INPUT DATA
═══

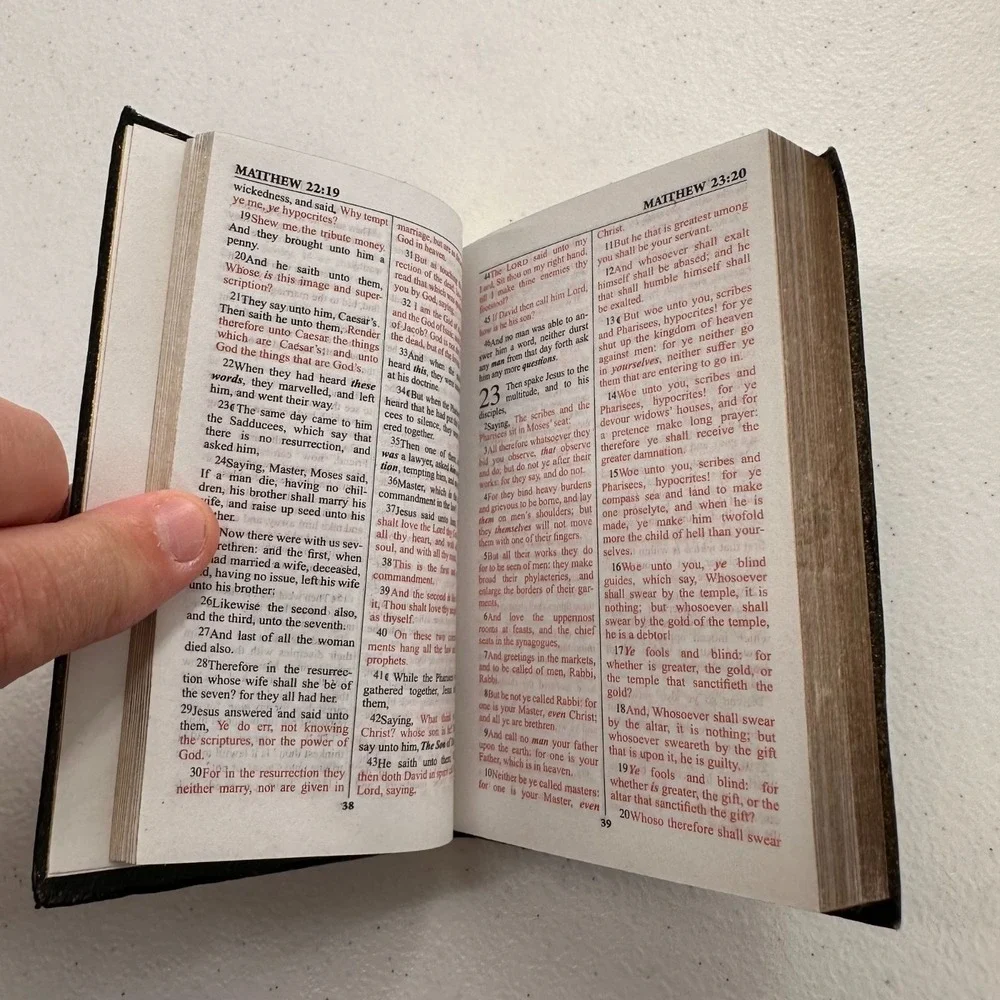 Pocket Size‎ New Testament Holy Bible KJV Black Leather Hardcover Gold Gilded 4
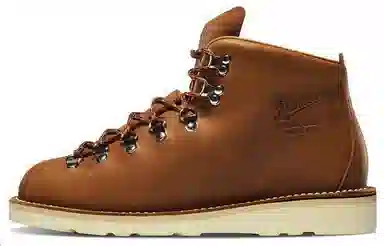 Danner Mountain Light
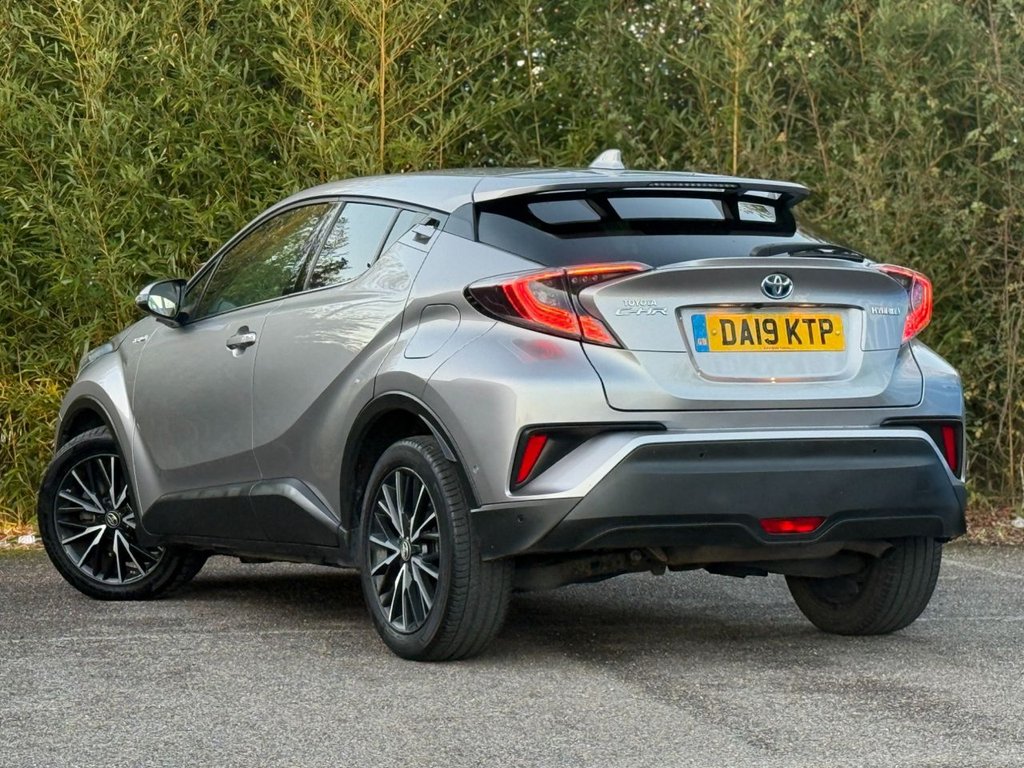 Used Toyota C-HR 2019 for sale - 78068666: Photo 2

═══

WORK ORDER
Reproduce exactly, and only, the lines from the one with "Danner Mountain Light" to the final line of the listing above; the pictures are to be left out.

SOLUTION TO THIS TASK
 Danner Mountain Light
 Used Toyota C-HR 2019 for sale - 78068666: Photo 2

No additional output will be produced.